How can I tell if a PDF is an image/scan or if text is being delivered?
To determine whether a saved PDF section from a vendor delivers text or not (i.e., is an image file), simply attempt to highlight a portion of text. If the file is an image, the text will not highlight, because there is no text to grab. If it is a text file, you will be able to highlight, as in the image below:
If you can highlight text and copy it, then a screen reader can read it too.
Note: There is a very small percentage of "legacy" NetLibrary PDF eBooks from before 2004 with scanned page images, where the text is not accessible to screen readers. For these titles, the publishers will supply accessible versions of content to users upon request. Contact firstname.lastname@example.org if you need to obtain an accessible version of a legacy title.
Are EBSCO eBooks compatible with other tools like Read and Write Gold, Natural Reader, ClaroRead, or any clipboard reader tools? These are commonly used by dyslexic readers.
We do not regularly or officially test with these tools, but if they are compatible with PDFs, and tools provided by the end-user, they should work. Additionally, Adobe Acrobat Reader has a text-to-speech feature that is available to non-commercial users for PDFs. If a tool relies specifically on what may be copied to a clipboard, there is a chance it would be limited to the publisher’s copy/paste allowance for the title.
Is there a way for users to search for only eBooks with particular access features?
There is not a search limiter for accessibility features because all EBSCO eBooks are accessible, with the rare exception of a few pre-2004 NetLibrary titles (for which we can obtain accessible versions for users upon request). For users that prefer EPUB/HTML content over the accessible PDF format, they can type FM EK in the search box. This will pull up search results that are in EPUB format (whether or not there is an accompanying PDF version). In the future, we will have limiters available to help users locate EPUBs more intuitively.
As of now, we do not display any publisher-supplied metadata relevant to accessibility.
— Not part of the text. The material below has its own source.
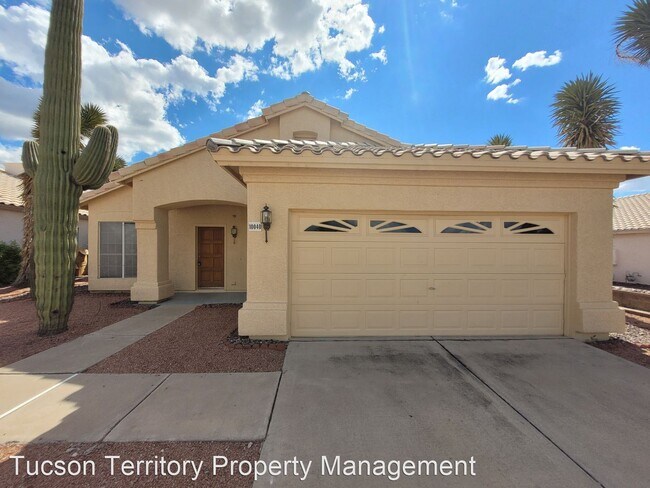 Building Photo - 3 br, 2 bath House - 10040 E. English Wood...
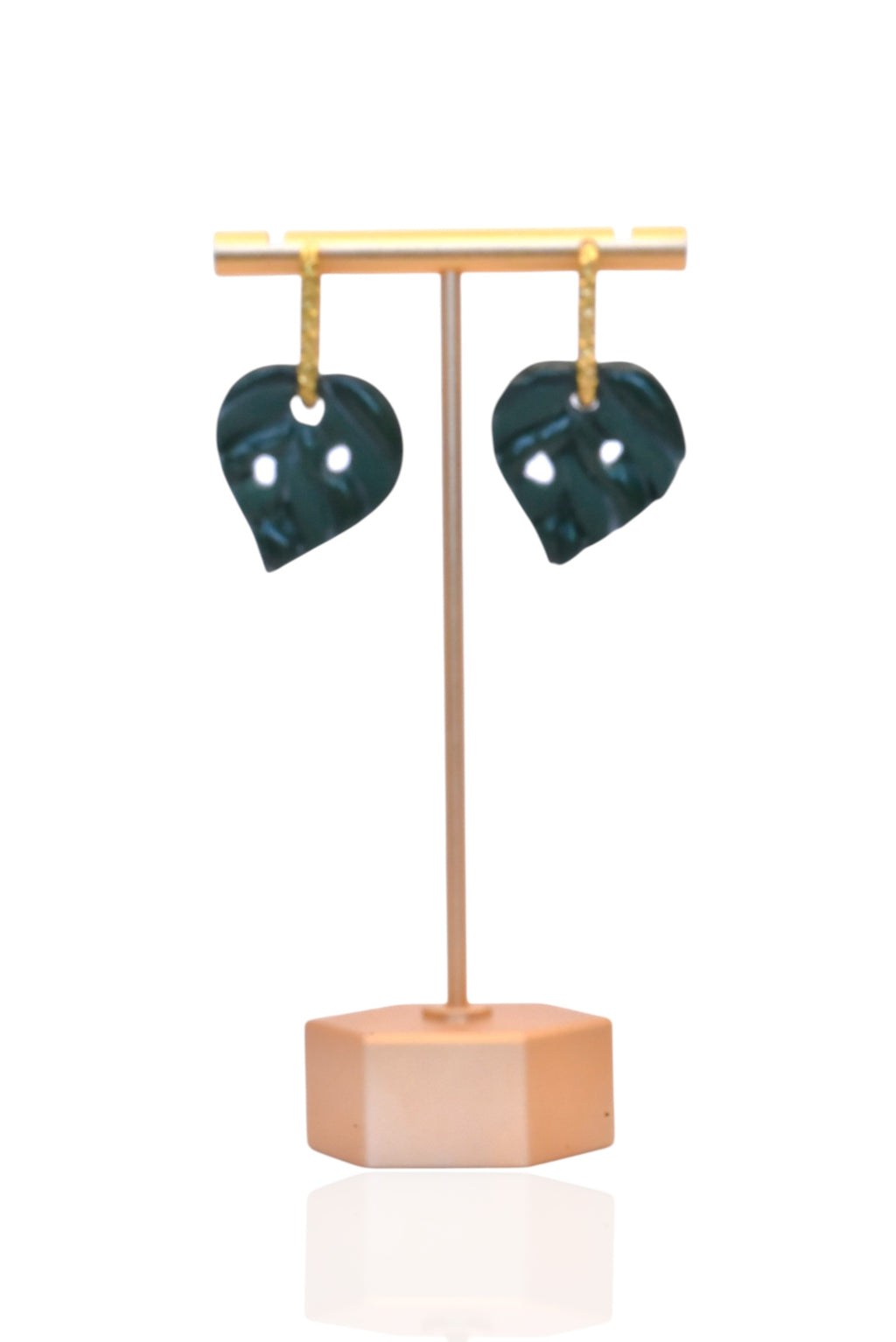 Pendientes charm hoja monstera y aro rectangular facetado de acero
If we determine that this is of interest/use to our users, we will certainly work to do so.
How does JAWS deal with images and charts? In PDF? In EPUB?
For native PDFs and ePUB, JAWS should read whatever metadata / alternative text is provided by the publisher and tagged to be associated with the image or chart, if the chart is an image file. If the chart is an actual table, then JAWS should the read the table, left-to-right, top-to-bottom (for English and non-right-to-left languages). If the title is in EPUB format, the publisher likely included instructions for how to read the chart or image, and the screen reader will read from those instructions. An advantage of the EPUB3 format is that images and charts will be searchable as well as accessible.
What are the advantages of the EPUB3 format?
EBSCO plans to integrate EPUB3 format titles in the future to leverage the accessibility features, such as enhanced navigation and interoperability, as well as non-English language support – EPUB3 provides much better support for non-Roman characters and languages that read up/down and right to left. The EPUB3 standard also supports / encapsulates the DAISY talking book standard, for publishers that would like to take advantage of it, and provides support for fixed-format titles (such as comics and graphic novels) and MathML.